# About this exercise:
Print only the lines running from the line with "Знак медаль 2-й" to the final line below, both included, exactly as written and without the pictures.

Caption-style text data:
____
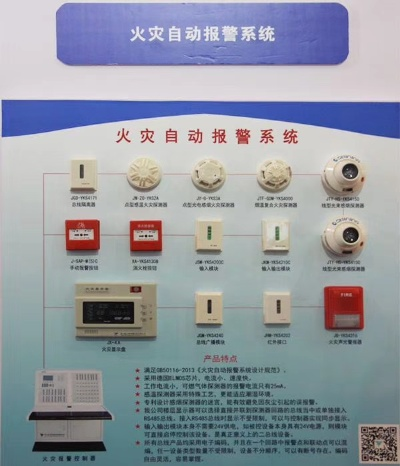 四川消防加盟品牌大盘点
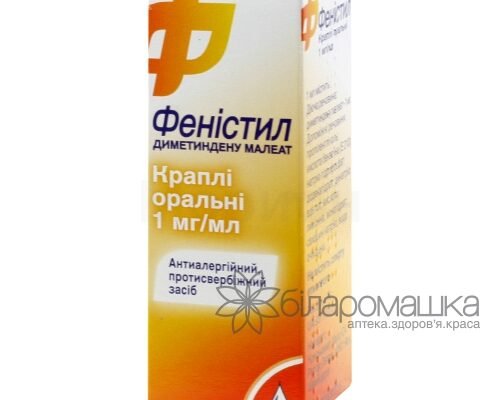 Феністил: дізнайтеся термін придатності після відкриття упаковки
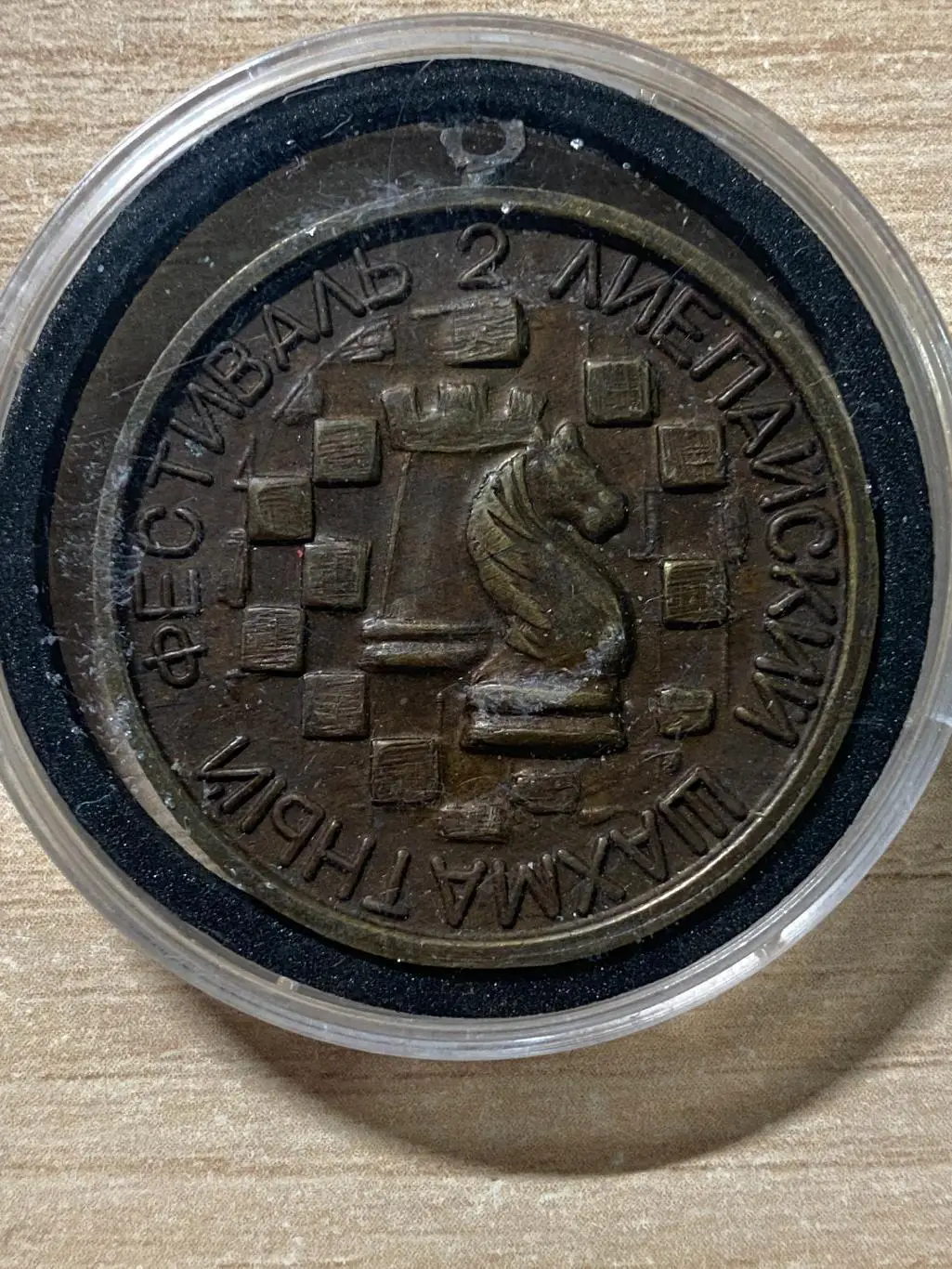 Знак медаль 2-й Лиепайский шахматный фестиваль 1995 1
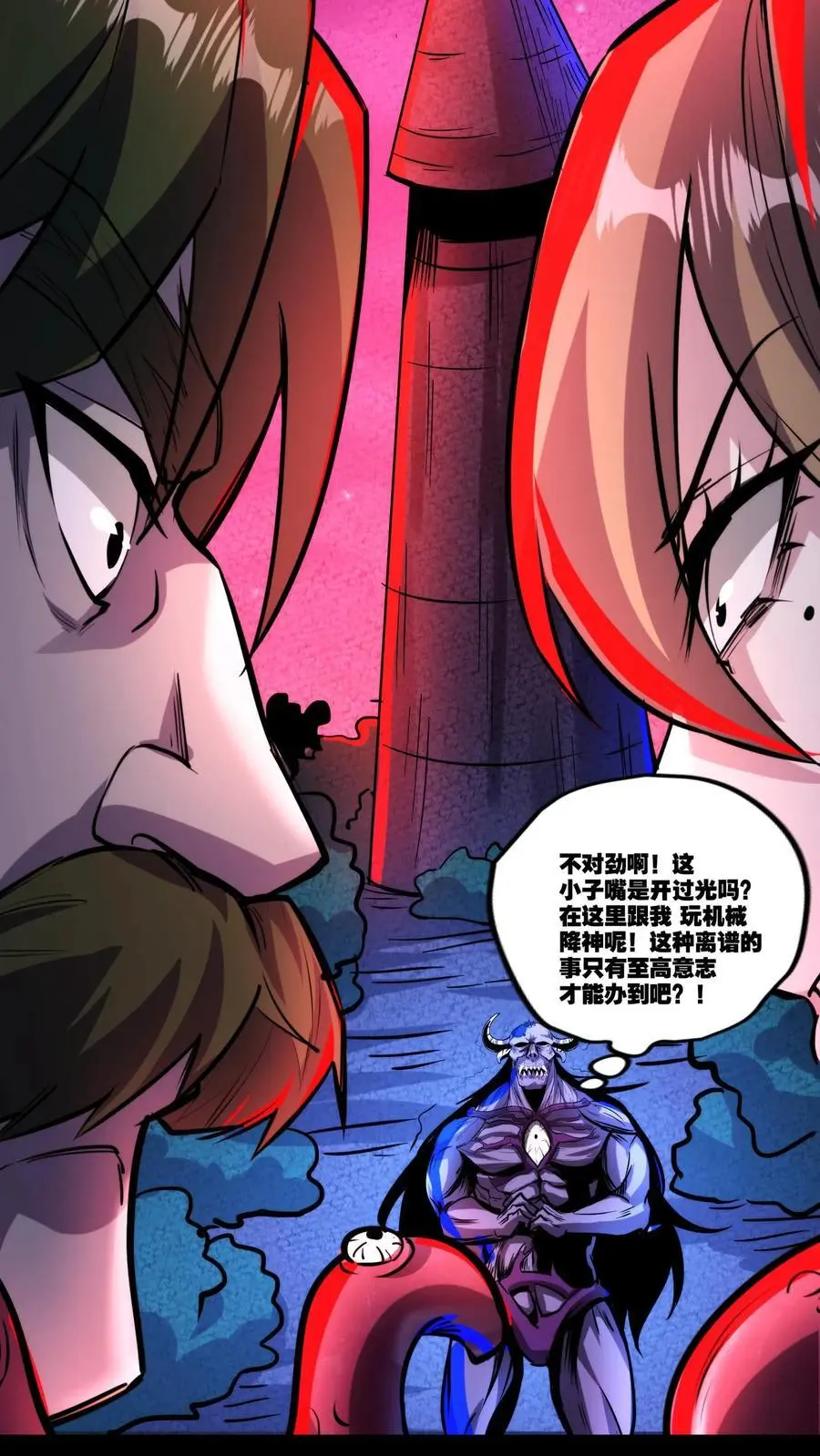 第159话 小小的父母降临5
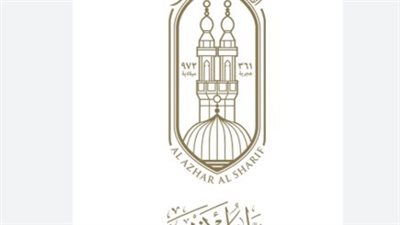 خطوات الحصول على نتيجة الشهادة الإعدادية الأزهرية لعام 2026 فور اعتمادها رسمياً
____
# Task solution:
 Знак медаль 2-й Лиепайский шахматный фестиваль 1995 1
 第159话 小小的父母降临5
 خطوات الحصول على نتيجة الشهادة الإعدادية الأزهرية لعام 2026 فور اعتمادها رسمياً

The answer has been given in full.